CBR15 Book 63: "We Should All Be Feminists" by Chimamande Ngozi Adichie

Page count: 65 pages
Rating: 4 stars

CBR15 Bingo: Africa

Not going to lie, I originally planned to read Homegoing by Yaa Gyasi, but as we were nearing the end of October and I had this last square to complete on my Cannonball Bingo card, I decided to be strategic and read something rather shorter instead.

Hence this essay, which I'm ashamed to say is the first thing I've actually read by Ms. Adichie. Do I own all three of her novels in e-book form? I do indeed. Should I read them to expand my horizons and learn more about the experiences of people very different from myself? Absolutely. This essay of hers about feminism started out as a Tedx-talk, and while I very much agree that we should all be feminists and that women and non-binary individuals need to achieve equal rights to men, I also live in Norway, which for all that there are still strides to be made for equal pay and the like, we are clearly a lot more progressive than many other places in the world, such as Nigeria, which Ms. Adichie speaks about from experience. 

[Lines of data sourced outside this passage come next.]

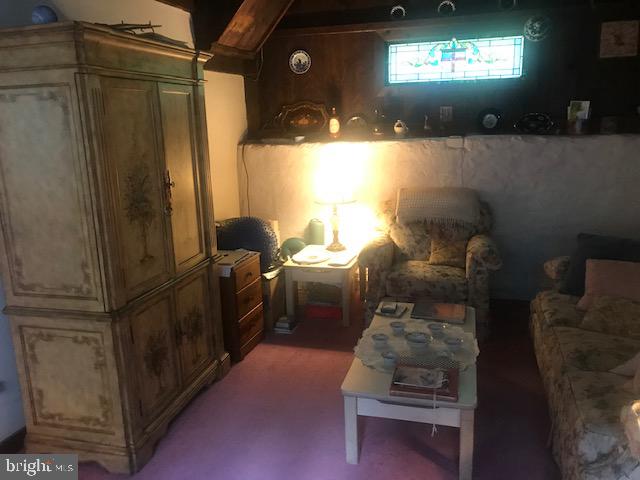 74 Headquarters Road Erwinna, PA 18920 - Photo 15 of 16 Living Room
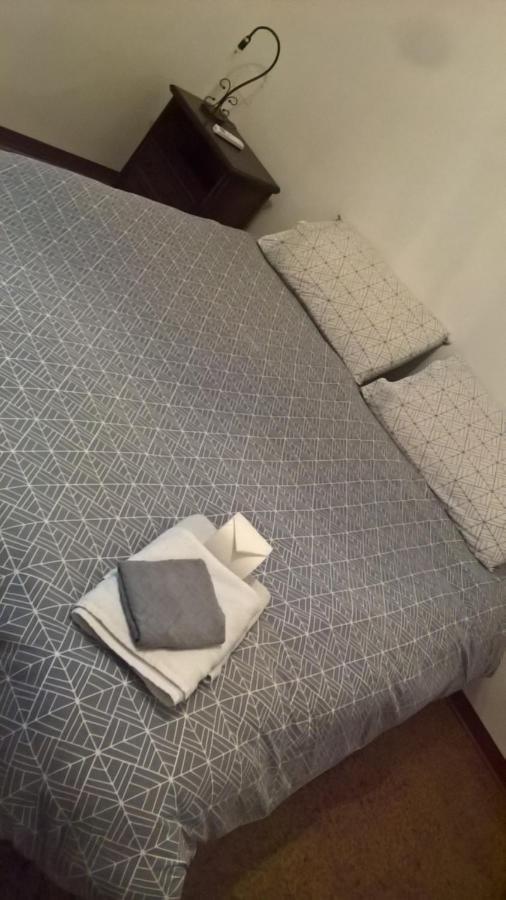 Privatunterkunft Valletta Fiorita Rom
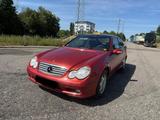Mercedes-Benz CE 200 C200 Kompressor Sportcoupé*AUTOMATIK* - Mercedes-Benz CE 200 Gebrauchtwagen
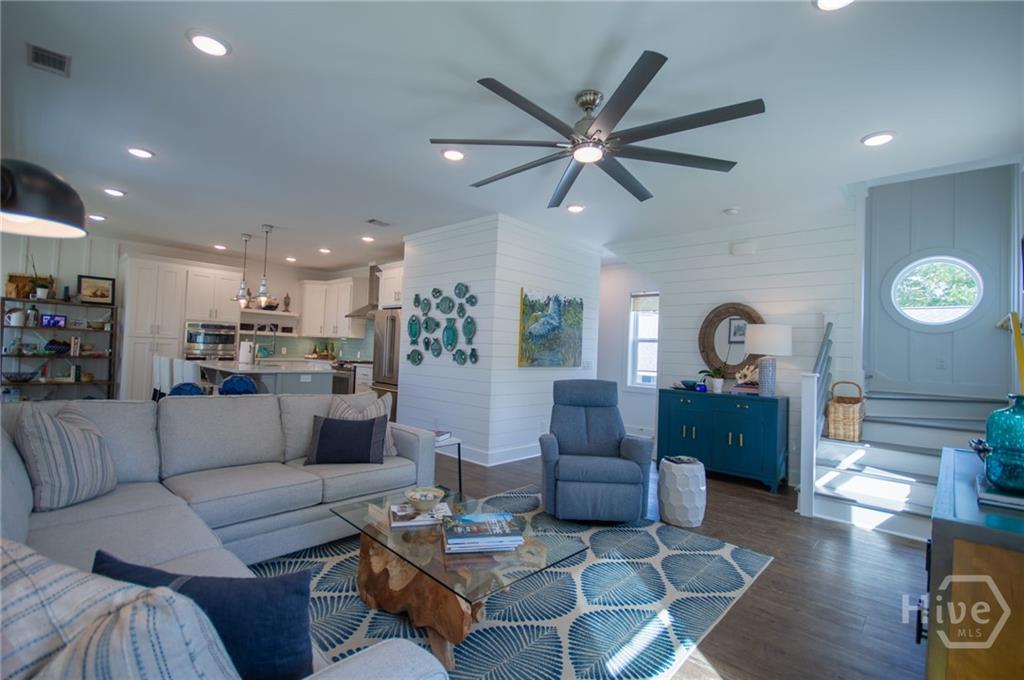 TYBEE ISLAND, Georgia, 31328, United States, 3 Bedrooms Bedrooms, ,3 BathroomsBathrooms,Residential,For Sale,1976054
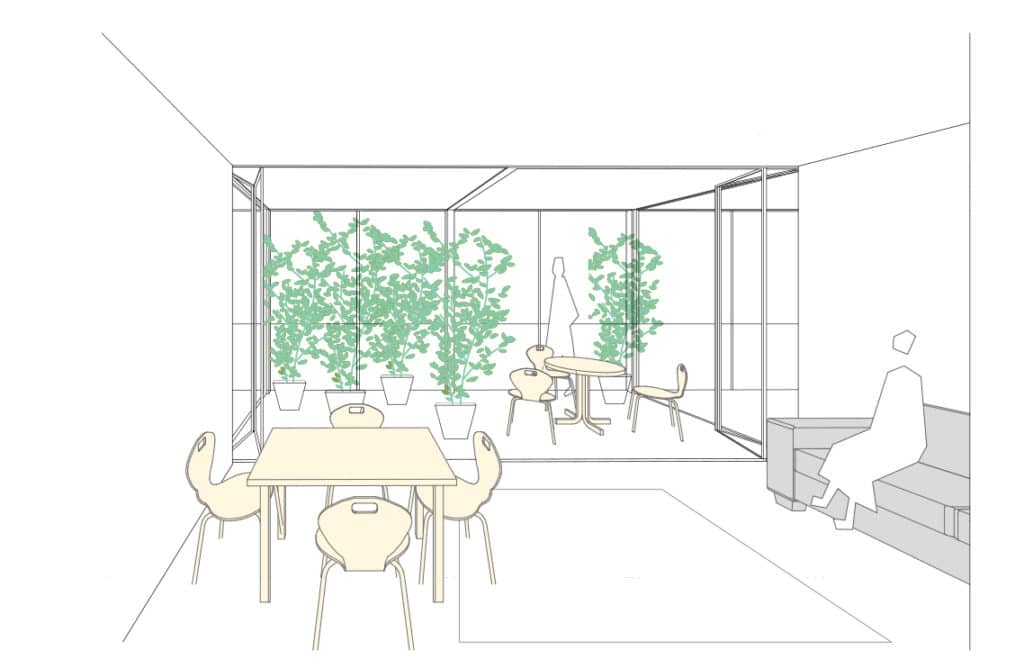 049_Concurso de ideas para un anteproyecto de 38 alojamientos en Es Castell_Menorca_2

Nevertheless, even in a socialist paradise like Norway, where everyone is entitled to parental leave, and most fathers actually spend several months taking care of their babies, women are still more likely to be in low-paying jobs or have unreliable short-term contracts, and risk being passed over for promotion or employment opportunities because they have kids (or might want kids in the future). Even in my own family, where my husband works from home and does most of the pick-ups and deliveries from kindergarten, and takes our son to the doctor and so forth, we keep having to remind our doctor's office and occasionally kindergarten staff to contact him first. The father is very rarely the stay-at-home parent, and for women to be the primary breadwinners is unusual. So the need for feminism and a continued fight for equality is necessary, not just in Africa or Asia, but also in more progressive countries in the Western world. 

Judging a book by its cover: It's not exactly eye-catching, but it has bright, clear colours and both the author's name and the title of the essay are very visible.